> _PROBLEM REQUIREMENTS_
All entries must come back exactly as given, with no pictures in the copy.

Pictures with short captions
┌──
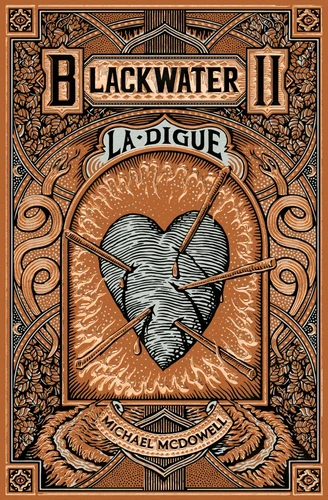 Michael McDowell: Blackwater 2 - La Digue (Paperback, 2022, Monsieur Toussaint Louverture)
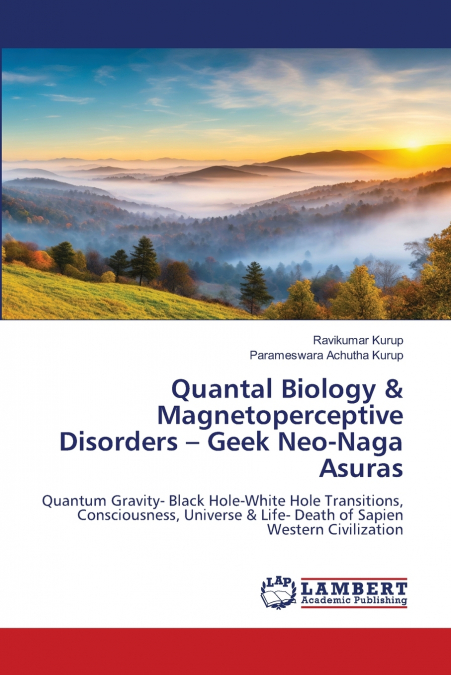 Quantal Biology & Magnetoperceptive Disorders - Geek Neo-Naga Asuras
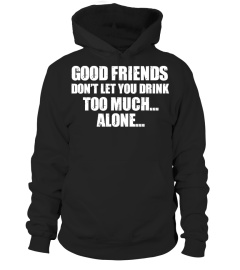 Good Friends Don't Let You Drink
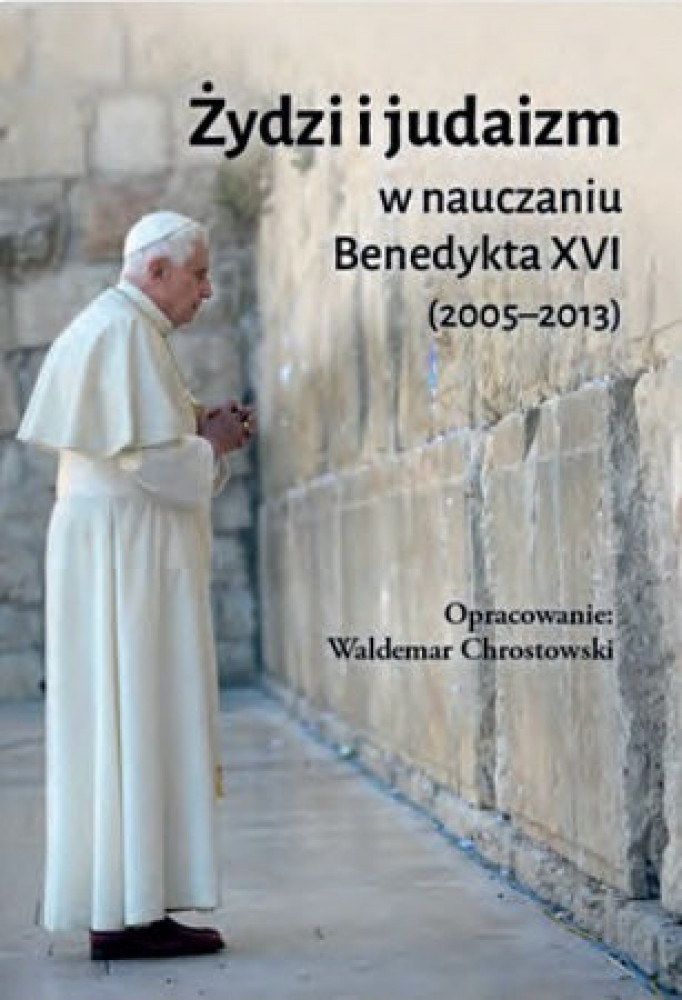 Żydzi i judaizm w nauczaniu Benedykta XVI
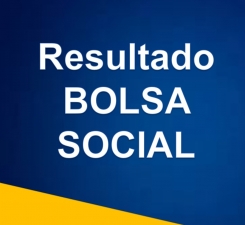 DIVULGADO O RESULTADO DA 3ª CHAMADA DA BOLSA SOCIAL/2020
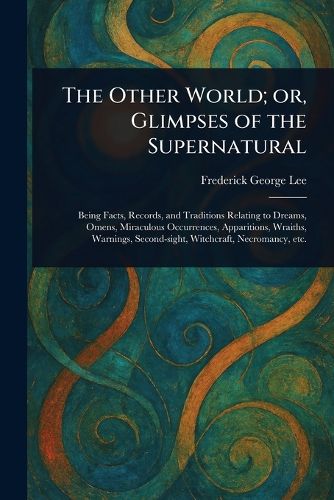 Cover image for The Other World; or, Glimpses of the Supernatural
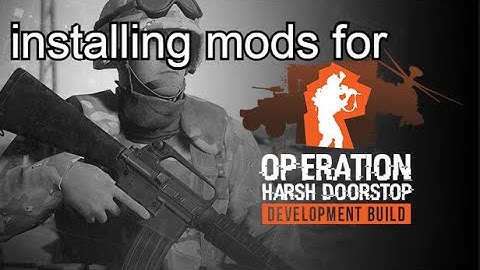 How to install mods for Operation Doorstop/How to install bodycam mod for Operation Harshdoorstop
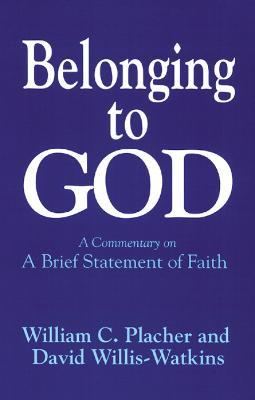 Belonging to God: A Commentary on "A Brief Statement of Faith" - William C. Placher,David Willis-Watkins - cover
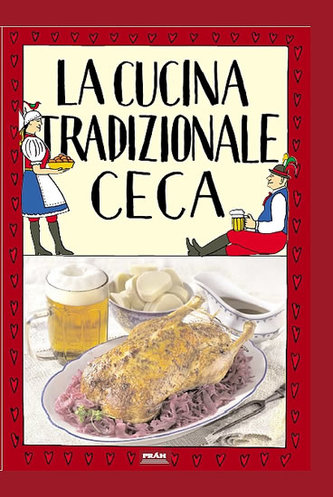 La cucina tradizionale ceca / Tradiční česká kuchyně (italsky) La cucina tradizionale ceca / Tradiční česká kuchyně (italsky)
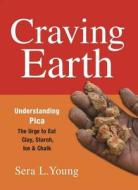 Craving Earth - Understanding Pica:the Urge to Eat Clay, Starch, Ice, and Chalk di Sera Young edito da Columbia University Press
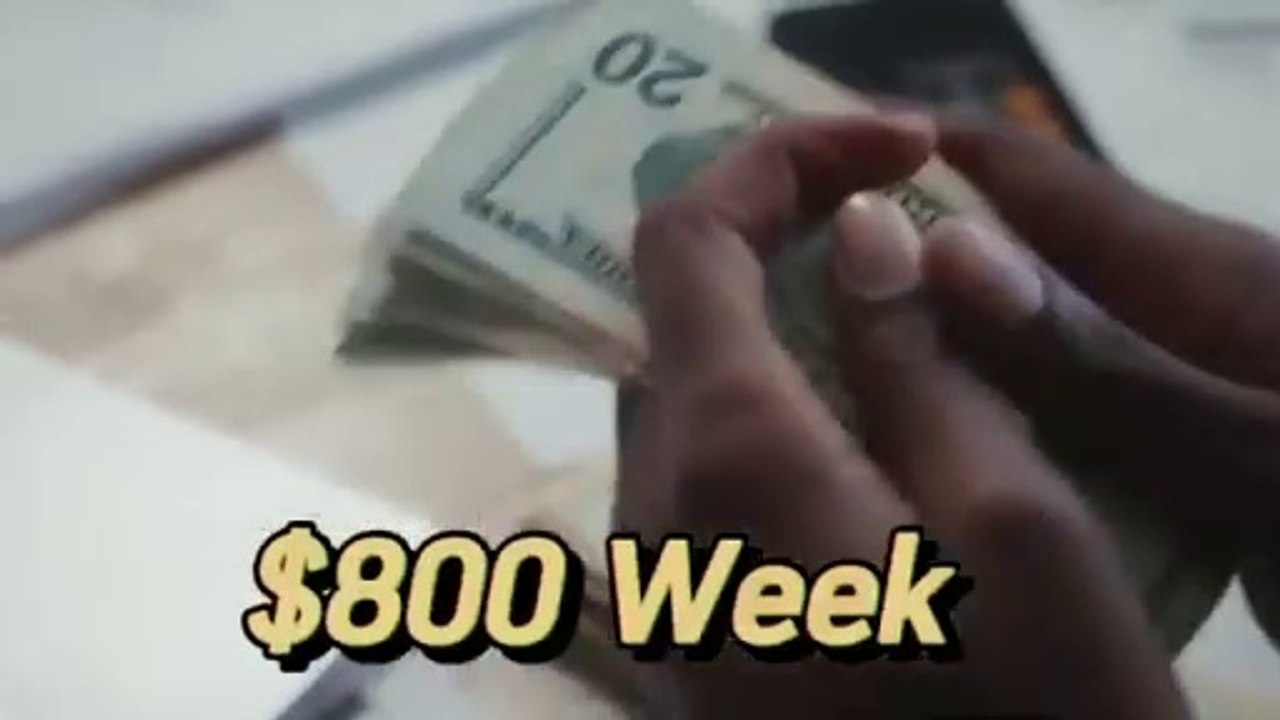 Earn 800$ per week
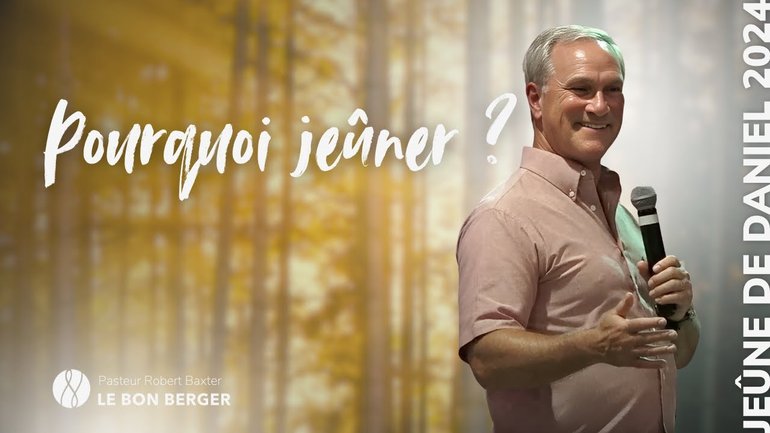 Pourquoi jeûner ? - Pasteur Robert Baxter (JDD24)
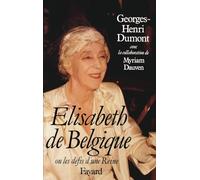 Elisabeth de Belgique: Ou la naissance d'une Reine
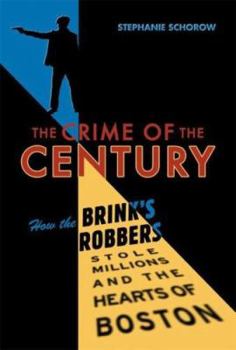 Hardcover Crime of the Century: How the Brink's Robbers Stole Millions and the Hearts of Boston Book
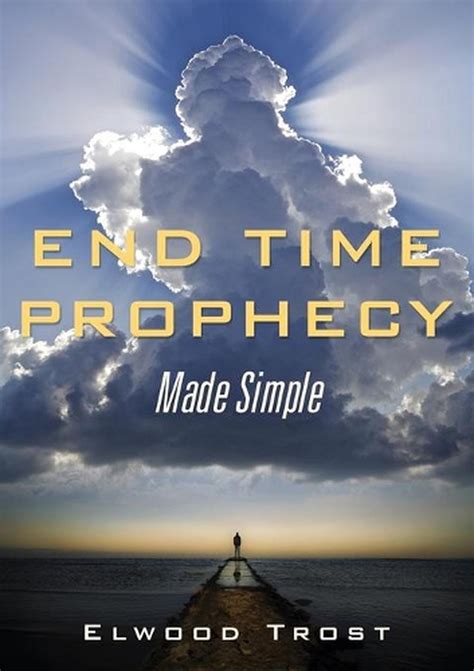 End Time Prophecy Made Simple By Elwood Trost Paperback Book Free
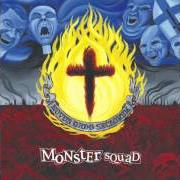 Der musikalische text NIGHTMARE TO CONSUME von MONSTER SQUAD ist auch in dem Album vorhanden Fire the faith (2007)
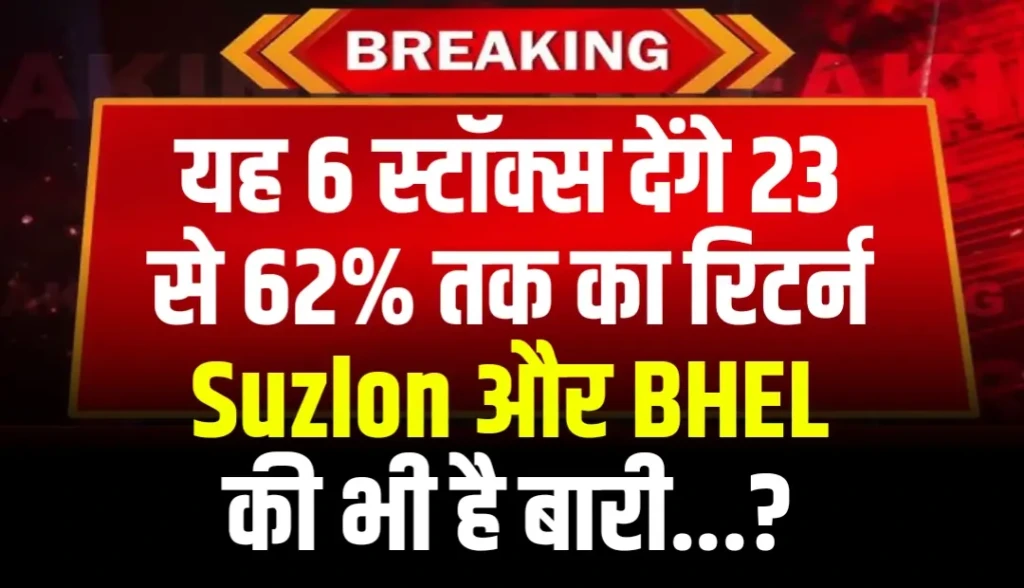 यह 6 स्टॉक्स देंगे 23 से 62% तक का रिटर्न Suzlon और BHEL की भी है बारी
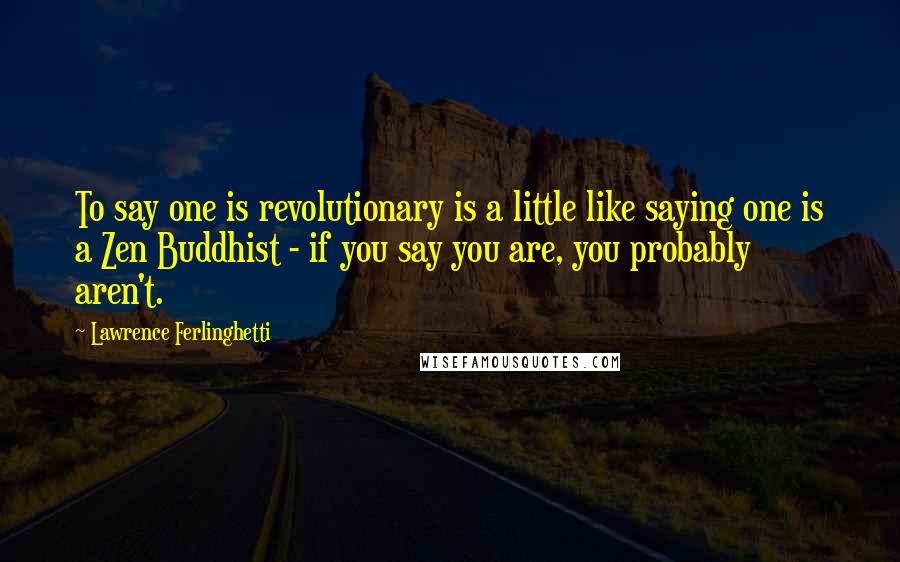 Lawrence Ferlinghetti Quotes: To say one is revolutionary is a little like saying one is a Zen Buddhist - if you say you are, you probably aren't.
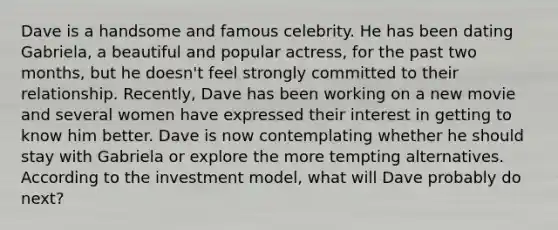 Dave is a handsome and famous celebrity. He has been dating Gabriela, a beautiful and popular actress, for the past two months, but he doesn't feel strongly committed to their relationship. Recently, Dave has been working on a new movie and several women have expressed their interest in getting to know him better. Dave is now contemplating whether he should stay with Gabriela or explore the more tempting alternatives. According to the investment model, what will Dave probably do next?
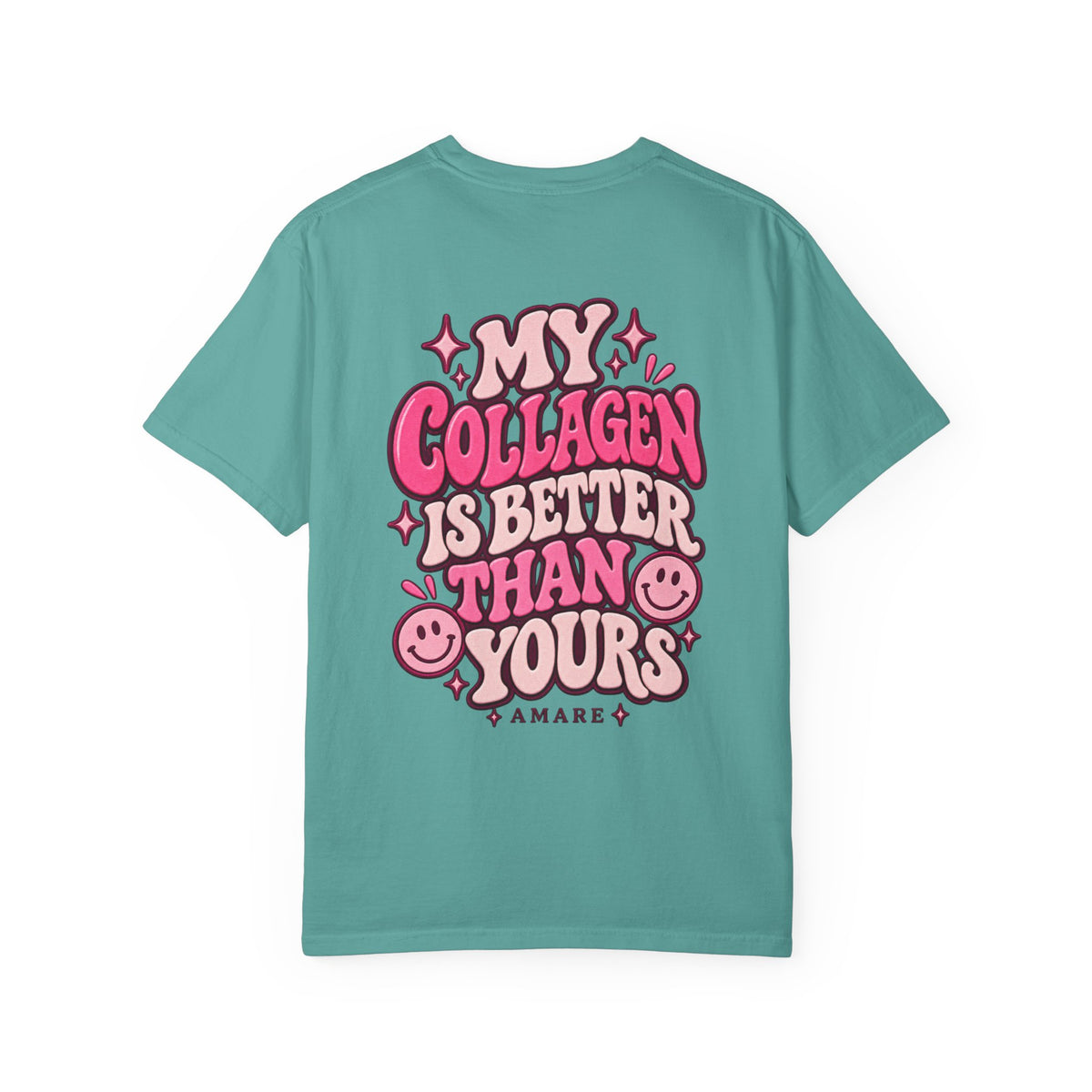Collagen Club Tee — "My Collagen Is Better Than Yours" Graphic T-Shirt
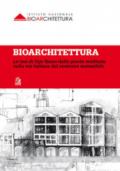 Bioarchitettura. Le tesi di Ugo Sasso dalle parole ereditate sulla via italiana del costruire sostenibile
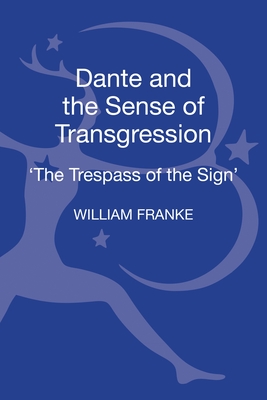 Dante and the Sense of Transgression: 'The Trespass of the Sign' - Franke, William, Professor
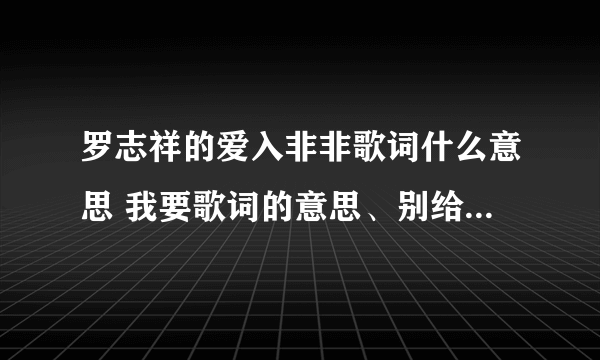 罗志祥的爱入非非歌词什么意思 我要歌词的意思、别给我发歌词、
└──
> _FINISHED TASK_
 Michael McDowell: Blackwater 2 - La Digue (Paperback, 2022, Monsieur Toussaint Louverture)
 Quantal Biology & Magnetoperceptive Disorders - Geek Neo-Naga Asuras
 Good Friends Don't Let You Drink
 Żydzi i judaizm w nauczaniu Benedykta XVI
 DIVULGADO O RESULTADO DA 3ª CHAMADA DA BOLSA SOCIAL/2020
 Cover image for The Other World; or, Glimpses of the Supernatural
 How to install mods for Operation Doorstop/How to install bodycam mod for Operation Harshdoorstop
 Belonging to God: A Commentary on "A Brief Statement of Faith" - William C. Placher,David Willis-Watkins - cover
 La cucina tradizionale ceca / Tradiční česká kuchyně (italsky) La cucina tradizionale ceca / Tradiční česká kuchyně (italsky)
 Craving Earth - Understanding Pica:the Urge to Eat Clay, Starch, Ice, and Chalk di Sera Young edito da Columbia University Press
 Earn 800$ per week
 Pourquoi jeûner ? - Pasteur Robert Baxter (JDD24)
 Elisabeth de Belgique: Ou la naissance d'une Reine
 Hardcover Crime of the Century: How the Brink's Robbers Stole Millions and the Hearts of Boston Book
 End Time Prophecy Made Simple By Elwood Trost Paperback Book Free
 Der musikalische text NIGHTMARE TO CONSUME von MONSTER SQUAD ist auch in dem Album vorhanden Fire the faith (2007)
 यह 6 स्टॉक्स देंगे 23 से 62% तक का रिटर्न Suzlon और BHEL की भी है बारी
 Lawrence Ferlinghetti Quotes: To say one is revolutionary is a little like saying one is a Zen Buddhist - if you say you are, you probably aren't.
 Dave is a handsome and famous celebrity. He has been dating Gabriela, a beautiful and popular actress, for the past two months, but he doesn't feel strongly committed to their relationship. Recently, Dave has been working on a new movie and several women have expressed their interest in getting to know him better. Dave is now contemplating whether he should stay with Gabriela or explore the more tempting alternatives. According to the investment model, what will Dave probably do next?
Collagen Club Tee — "My Collagen Is Better Than Yours" Graphic T-Shirt
 Bioarchitettura. Le tesi di Ugo Sasso dalle parole ereditate sulla via italiana del costruire sostenibile
 Dante and the Sense of Transgression: 'The Trespass of the Sign' - Franke, William, Professor
 罗志祥的爱入非非歌词什么意思 我要歌词的意思、别给我发歌词、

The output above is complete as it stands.